Verhuven hat Widerspruch eingelegt. 78 Seiten umfasst sein Zeugnis des Protests und des Unverständnisses. Auch zum Klagen ist er bereit – notfalls bis zum Bundesfinanzhof. Denn Hotelzimmerkontingente sind aus Sicht der Branche eben keine gemieteten Betriebsstätten, sondern Teile ihrer Produkte, der Urlaubsreisen. Ein Schuhhändler müsse schließlich auch nicht mehr Steuern zahlen, weil er sich seine Produkte, also Schuhe, ins Regal stelle.
DRV-Präsident Fiebig fürchtet nicht nur eine untragbare Steuerbelastung, sondern auch eine einseitige Benachteiligung der Anbieter von Pauschalreisen. „Wir haben eine Verzerrung des Wettbewerbs zu Lasten der Reiseveranstalter“, sagt er. Sowohl Reiseveranstalter als auch Übernachtungsportale im Internet vermittelten faktisch Hotelzimmer. Die Portale seien aber nicht von dem Gewerbesteuerstreit betroffen. „Das Geschäftsmodell Pauschalreise, das den mit Abstand höchsten Verbraucherschutz gewährleistet, wäre hierdurch massiv bedroht.“

Viel Kritik, die nach langem Ringen offenbar verfängt. Vorsichtig scheinen sich Finanzpolitiker einer Aussage zu nähern, die in etwa lautet: Man habe das alles gar nicht so gewollt. Eine hohe Besteuerung von Reiseunternehmen, wie sie sich nun zeigt, sei nie ein Ziel gewesen. Das Finanzministerium von Nordrhein-Westfalen, wo Alltours aus Duisburg und Frosch-Sportreisen aus Münster sitzen, verweist zwar formal darauf, dass die Finanzämter an „die bundesweit abgestimmte Verwaltungsauffassung gebunden“ seien. Hotelbelegungsverträge sind demnach als Mietverträge anzusehen und der Hoteleinkauf in die Hinzurechnung zur Gewerbesteuer einzubeziehen.
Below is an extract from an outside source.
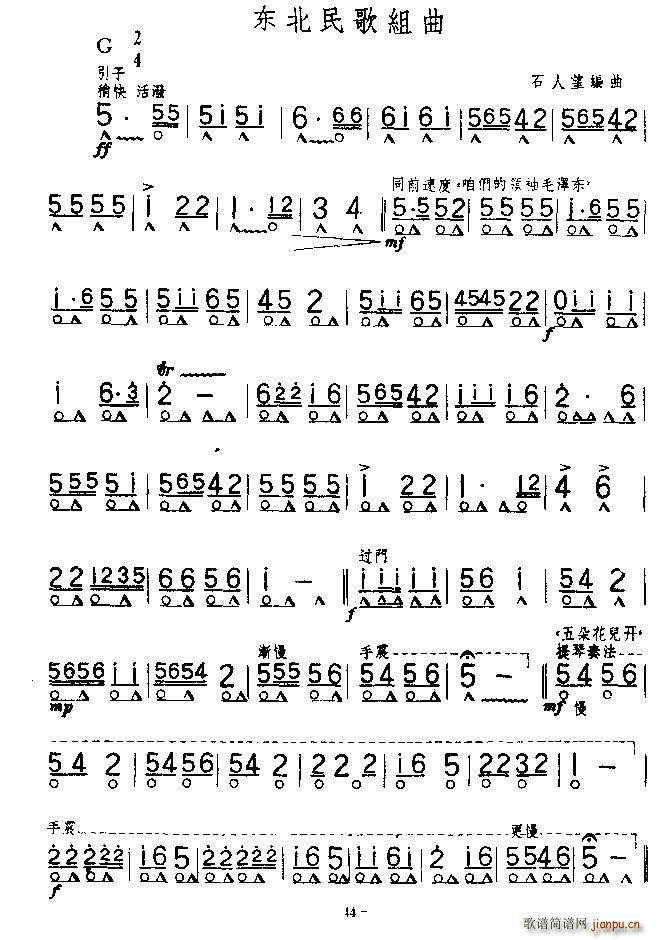 �|�����(li��n)�� ����(�����V)1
Doch gleichzeitig heißt es, dass Urlaubsanbieter, die Steuernachforderungen widersprechen, mittlerweile darauf setzen dürfen, dass die Finanzbehörden vorerst das Geld nicht eintreiben und den Vollzug des Steuerbescheids aussetzen. Auf Bundesebene hat Wirtschaftsminister Sigmar Gabriel (SPD) zudem bekundet, ihm leuchte die Begründung für die Hinzurechnungen zur Gewerbesteuer für Reiseveranstalter nicht ein. Auch die Unionsfraktion im Bundestag hat sich ähnlich geäußert. „Große Teile der Politik haben die Problematik erkannt, ich rechne noch in diesem Jahr mit einer Korrektur“, sagt DRV-Präsident Fiebig.

Über die Zukunft des umstrittenen Erlasses zum Gewerbesteuerrecht müssen allerdings die Länder entscheiden. Auch dort weicht die Front der Verfechter der Steuerhinzurechnungen auf. Norbert Walter-Borjans (SPD), Finanzminister von Nordrhein-Westfalen und aktuell Vorsitzender der Finanzministerkonferenz der Länder, wagt sich als Erster vor. Man nehme die Befürchtungen der Reisebranche „sehr ernst“, sagt ein Sprecher seines Ministeriums auf Anfrage. Und dazu gehört nun auch, dass eine Korrektur des Gewerbesteuerrechts nicht mehr ausgeschlossen wird. „Deshalb ist die Landesregierung mit betroffenen Reiseveranstaltern in intensiven Gesprächen über das Pro und Contra einer Modifikation des geltenden Rechts“, sagt der Sprecher.